If you look at the values of result, this RNN groups ungrammatical sentences (for example, “I are”) with grammatical ones (for example, “you are”), which isn’t the desired behavior. How about we try another set of values for the parameters? Let’s use w1 = [1, 0]
, w2 = [-1, 0]
, and b = [0, 0]
and see what happens (figure 5).
This is much better, because the RNN is successful in grouping ungrammatical sentences by assigning 0 to both “I are” and “you am.” It also assigns completely opposite values (2 and -2) to grammatical sentences (“I am” and “you are”).
I’m going to stop here, but as it turns out, you can’t use this neural network to classify grammatical sentences from ungrammatical ones no matter how hard you try. No matter what values you assign to the parameters, this RNN can’t produce results that are close enough to the desired values and are able to group sentences by their grammaticality.
Let’s step back and think why this is the case. If you look at the update function above, all it does is multiply the input by some value and add them up. In a more specific term, it only transforms the input in a linear fashion. The result of this neural network always changes by some constant amount when you change the value of the input by some amount. But this is obviously not desirable — you want the result to be 1 only when the input variables are some specific values. You don’t want this RNN to be linear, you want it nonlinear.
To use an analogy, this is as if you can only use assignment (“=”), addition (“+”), and multiplication (“*”) in your programming language. You can tweak the input values to some degree to come up with the result, but you can’t write more complex logic in such a restricted setting.
Now, let’s put the activation function f()
back and see what happens. The specific activation function we’ll use is called the hyperbolic tangent function, or more commonly, tanh, which is one of the most commonly used activation functions in neural networks. The details of this function aren’t important in this discussion, but in a nutshell, it behaves as follows: tanh doesn’t do much to the input when it’s close to zero, for example, 0.3 or -0.2. The input passes through the function almost unchanged. When the input is far from zero, tanh tries to squeeze it between -1 and 1. For example, when the input is large (say, 10.0), the output becomes close to 1.0, although it’s small (say, -10.0), the output becomes almost -1.0. This creates an effect similar to the OR logical gate (or an AND gate depending on the weights) if two or more variables are fed into the activation function. The output of the gate becomes ON (~1) and OFF (~-1) depending on the input.
When w1 = [-1, 2]
, w2 = [-1, 2]
, b = [0, 1]
, and the tanh activation function is used, the result of the RNN becomes a lot closer to what we desire (see figure 6). If you round them to the closest integers, the RNN successfully groups sentence by their grammaticality.
To use the same analogy, using activation functions in your neural networks is as if using ANDs and ORs and IFs in your programming language, in addition to basic math operations like additions and multiplications. In this way, you can write complex logics and model complex interactions between input variables, like this example in this section.

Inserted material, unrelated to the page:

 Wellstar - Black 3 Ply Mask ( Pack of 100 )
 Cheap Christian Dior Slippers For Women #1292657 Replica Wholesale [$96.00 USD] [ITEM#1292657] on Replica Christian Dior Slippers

NOTE: The example used in this section is a slightly modified version of the popular “XOR” (or exclusive-or) example commonly seen in deep learning textbooks. This is the most basic and simplest example that can be solved by neural networks but not by other linear models.
Some final notes on RNNs — they’re trained like any other neural networks. The final outcome is compared with the desired outcome using the loss function, then the difference between the two, the loss, is used for updating the “magic constants.” The magic constants are, in this case, w1
, w2
, and b
in the update_simple()
function. Note that the update function and its magic constants are identical across all the timesteps in the loop. This means that what RNNs are learning is a general form of updates that can be applied to any situation.
That’s all for now.
If you want to learn more about the book, check it out on our browser-based liveBook reader here and see this slide deck.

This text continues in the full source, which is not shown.